Forced rent auctions: What property and the government need to know about how this will (and won’t) work – Andrew Denye talks to Bisnow
Last week, the Government suggested a new plan to rejuvenate the UK’s high streets and tackle the growing issue of empty retail properties: If one such property has stood empty for more than six months, the local authority could force the owner to rent it out.
This idea has been met with scepticism by industry experts, both in reference to its function and its intended effects.
Regarding the key component that local authorities would have the power to upend centuries of private property rights, and the notion of landlords’ autonomy over their own property, Head of Retail, Andrew Denye summarises:
“You are almost saying the local authority would need to have some sort of compulsory purchase order power, but without purchasing the property.

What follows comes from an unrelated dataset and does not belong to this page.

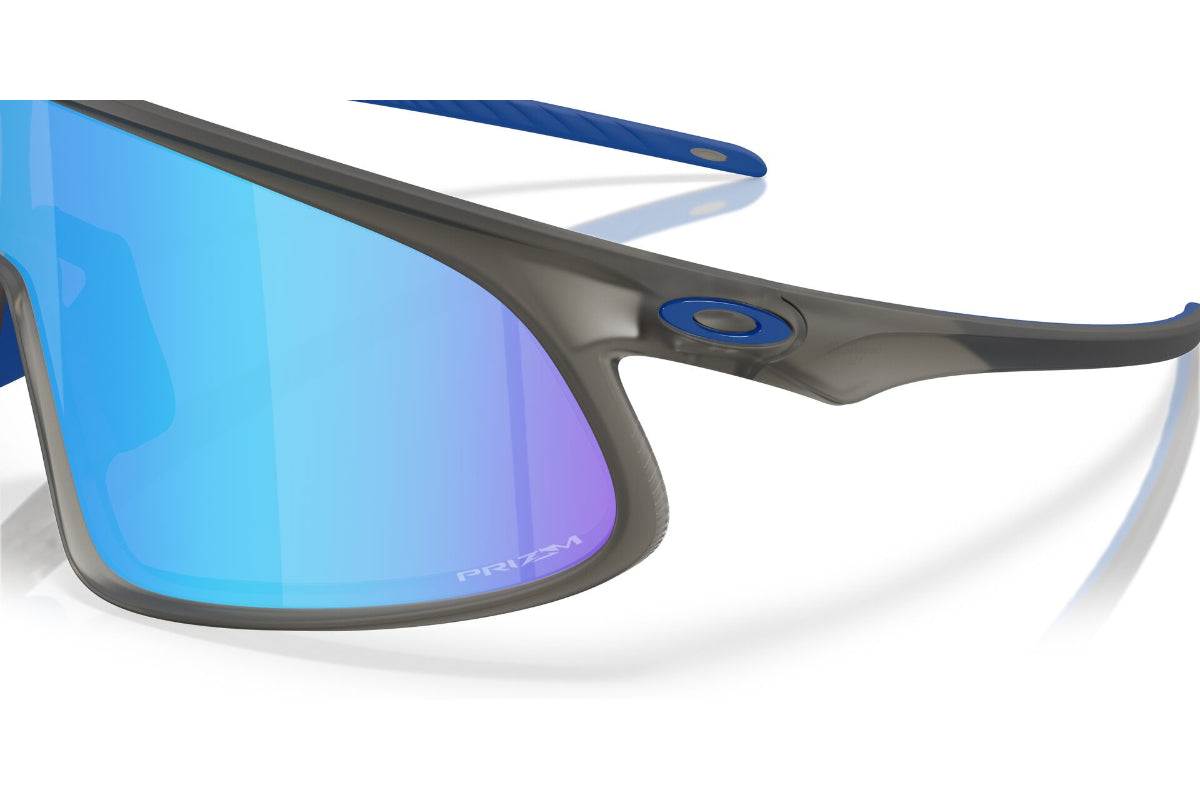 Oakley Rslv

If, as being suggested, the landlord is effectively being forced to lease out their property, unless you are talking about changing landlord tenant law, the landlord will still have to enter into some sort of contract or agreement, unless you are taking ownership away from them.”
Andrew shares the view among industry experts that the proposal has an air of political short-termism.
He said: “I keep coming back to this idea of levelling up. For those areas that do need levelling up, I’m not sure they will get anything from this because there isn’t the demand for retail premises in these areas – it doesn’t change the fact that there is just too much retail.”